Director David Fincher talked to Playboy about his much-anticipated upcoming thriller, Gone Girl, which serves as opening night of the N.Y. Film Fest.
The Gillian Flynn film adaptation stars Ben Affleck as Nick Dunne, a husband suspected of murdering his wife, who has gone missing.
When asked why he decided to cast Affleck as the protagonist, Fincher said it had to do with a bit of Google-stalking.
“You cast movies based on critical scenes,” he says. “In Gone Girl there’s a smile the guy has to give when the local press asks him to stand next to a poster of his missing wife. I flipped through Google Images and found about 50 shots of Affleck giving that kind of smile in public situations. You look at them and know he’s trying to make people comfortable in the moment, but by doing that he’s making himself vulnerable to people having other perceptions about him.”
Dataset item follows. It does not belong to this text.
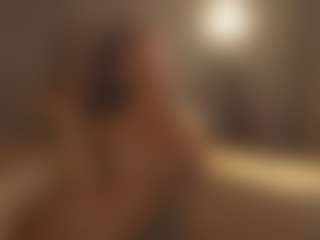 YourCarolinaaa's Live Sex Cam Show
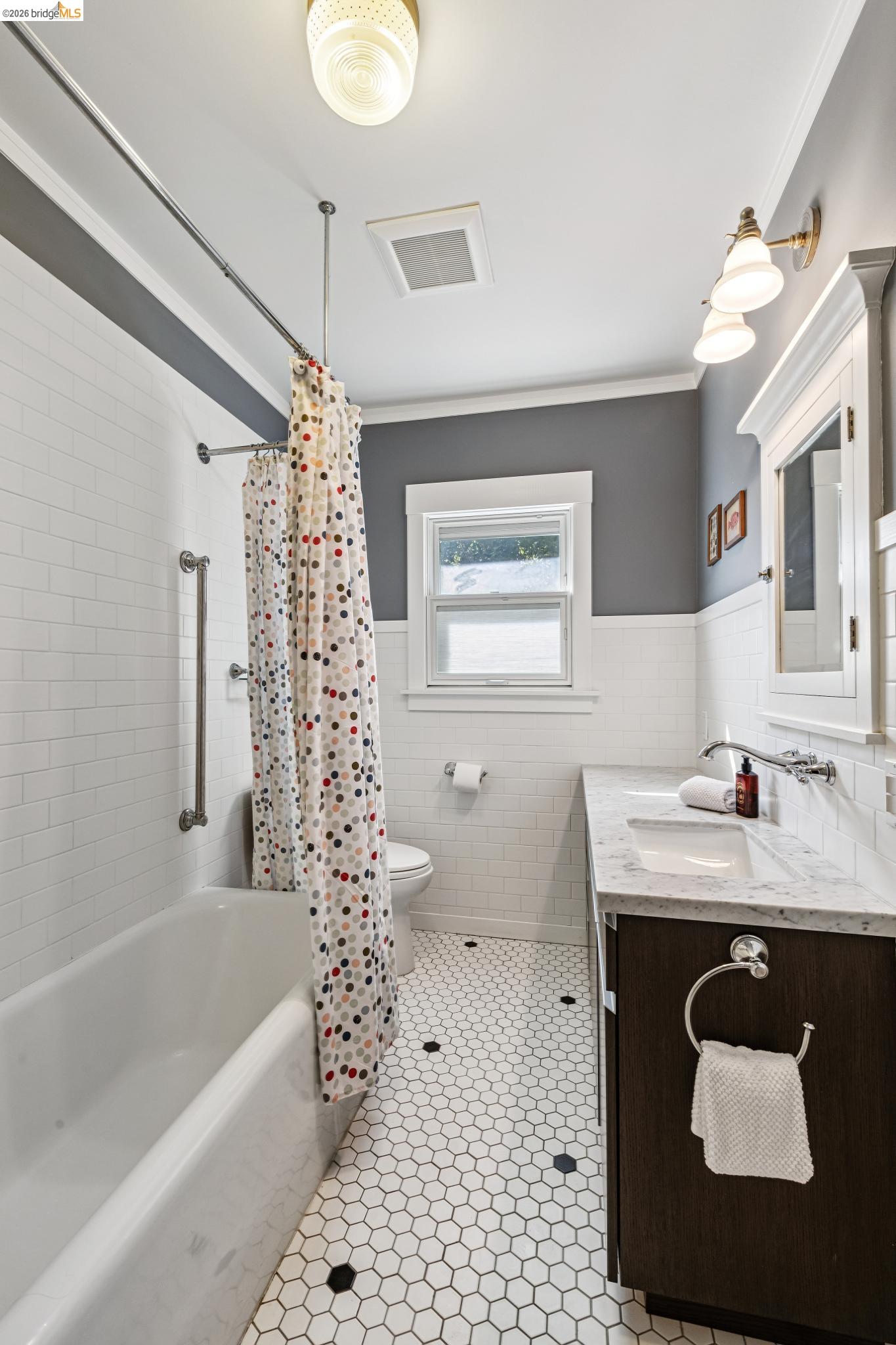 Detail Gallery Image 27 of 59 For 1622 Scenic Ave, Berkeley,  CA 94709 - 3 Beds | 2 Baths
Fans of the book know exactly the scene he is talking about, when Nick’s smile reads as either sad husband trying to smile or completely creepy murderer. “What we asked him to do was ‘Open vise, insert testicles and turn’ for the entire length of the movie,” adds Fincher.
The interviewer asked Fincher about his reputation for being a tough and demanding director, often asking for many retakes of the same scene. His response?
“If you didn’t get hugged enough as a kid, you won’t find what you’re looking for from me,” says Fincher. “That’s not my gig and I’m not attuned to it.”